# Input for this task

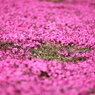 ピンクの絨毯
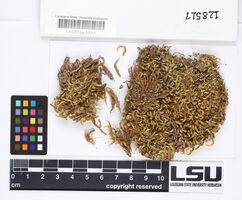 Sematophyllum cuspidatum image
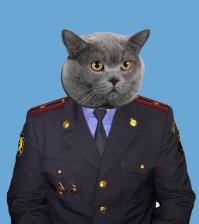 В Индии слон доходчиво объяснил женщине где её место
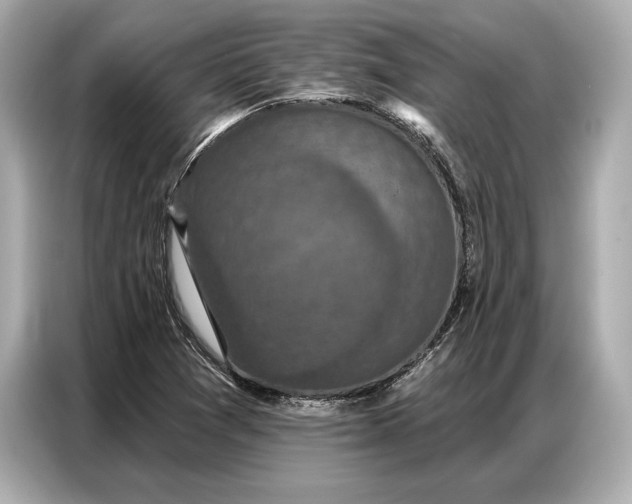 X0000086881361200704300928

...

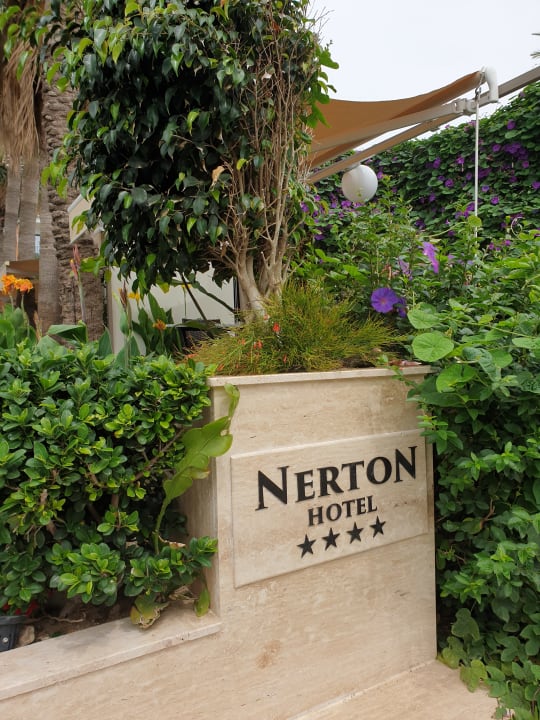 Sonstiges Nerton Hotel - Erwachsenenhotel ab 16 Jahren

* * *

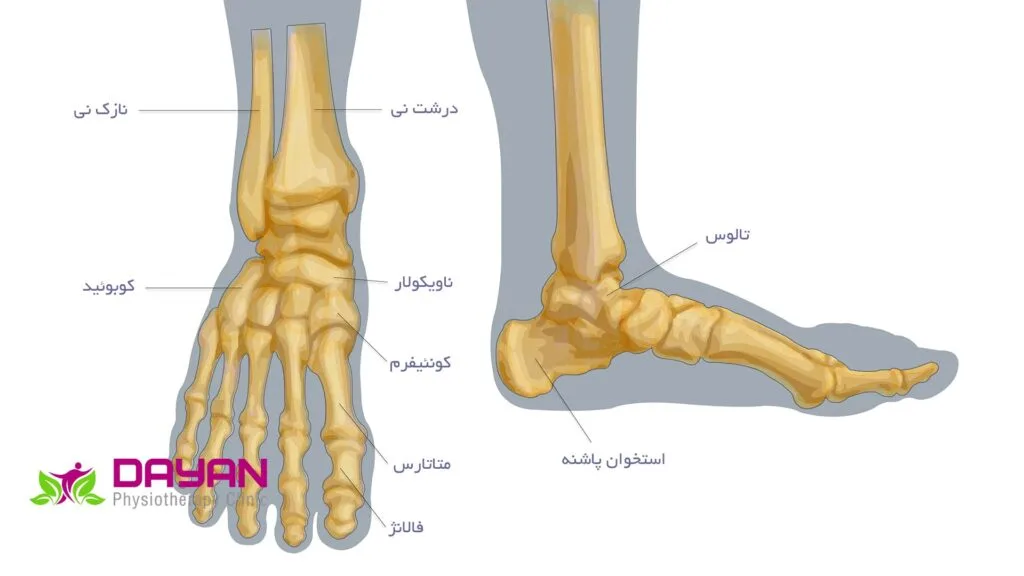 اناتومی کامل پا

# Required action
Write out the lines above from the one with "В Индии слон" through the one with "X0000086881361200704300928", ends included, exactly; no picture goes in.

# Task response
 В Индии слон доходчиво объяснил женщине где её место
 X0000086881361200704300928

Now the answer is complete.